Nevertheless, the bedrock minerals of carbonate rocks are extremely vulnerable to corrosion and become carbonate solutions, resulting in complex pore structures that differ from other reservoirs [10]. It is dominated by short and wide pores, and there may be small karst caves [11,12,13]. Figure 1 shows a comparison of the pore structures of carbonate and sandstone reservoirs [14]. As observed in Figure 1a, distribution of pores within carbonate reservoir is discrete, and the existence of some microfissures communicates different pore clusters. However, the pores in sandstone distribute uniformly (Figure 1b). [15] Therefore, the heterogeneity of pore structure in carbonate reservoir is stronger than that of sandstone. Therefore, it is very necessary to simulate the process of water flooding in carbonate reservoirs.
![Figure 1
Schematic diagram of the pore structure of carbonate (a) and sandstone (b) reservoirs (modified after ref. [14]); (c) difference in fluid flow in carbonate and sandstone reservoirs.](/document/doi/10.1515/geo-2022-0477/asset/graphic/j_geo-2022-0477_fig_001.jpg)

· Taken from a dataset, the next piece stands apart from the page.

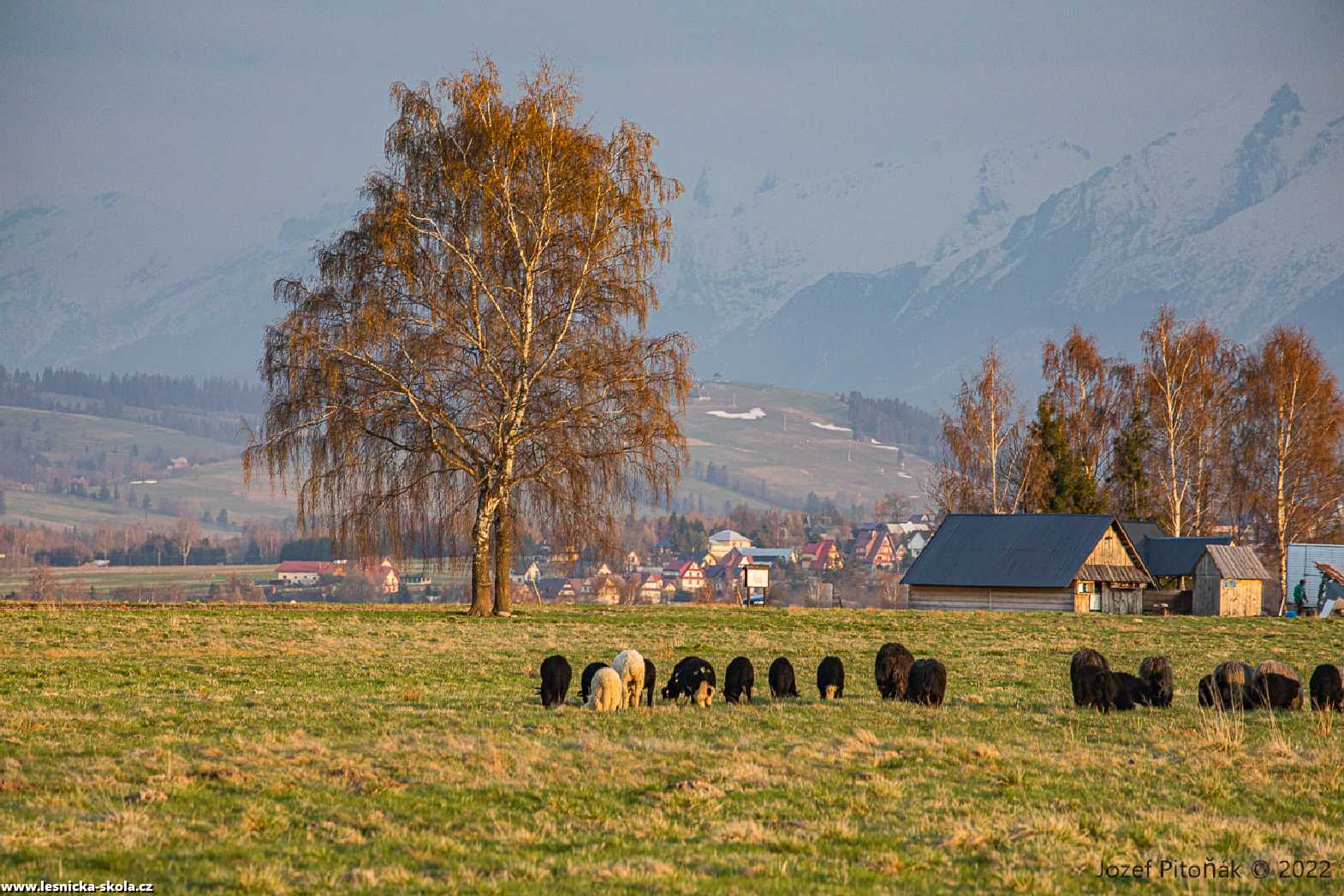 Pastva na slovenských horách - Foto Jozef Pitoňák 0422 (5)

Schematic diagram of the pore structure of carbonate (a) and sandstone (b) reservoirs (modified after ref. [14]); (c) difference in fluid flow in carbonate and sandstone reservoirs.
At present, some researchers have carried out relevant studies on the pore structures of carbonate reservoir, and some progress has been made. Li et al. [16] systematically studied the characteristics of pore structures in four types of carbonate reservoirs, and the main influencing factors of difference in pore structures were also investigated. It was found that the random distribution of various pores is an important factor affecting the pore structures of reservoirs. He et al. [17] studied the relationship between permeability and porosity in carbonate reservoirs. It was found that high permeability of the reservoir is related to the development of microfractures and caves. Wang and Fan [18] evaluated the variation characteristics of porosity and permeability of carbonate reservoirs caused by diagenesis. Rezaee et al. [19] established the relationship between permeability, porosity, and pore size through an artificial neural network approach. This study indirectly proved that the artificial neural network is effective in predicting the permeability of carbonate reservoirs.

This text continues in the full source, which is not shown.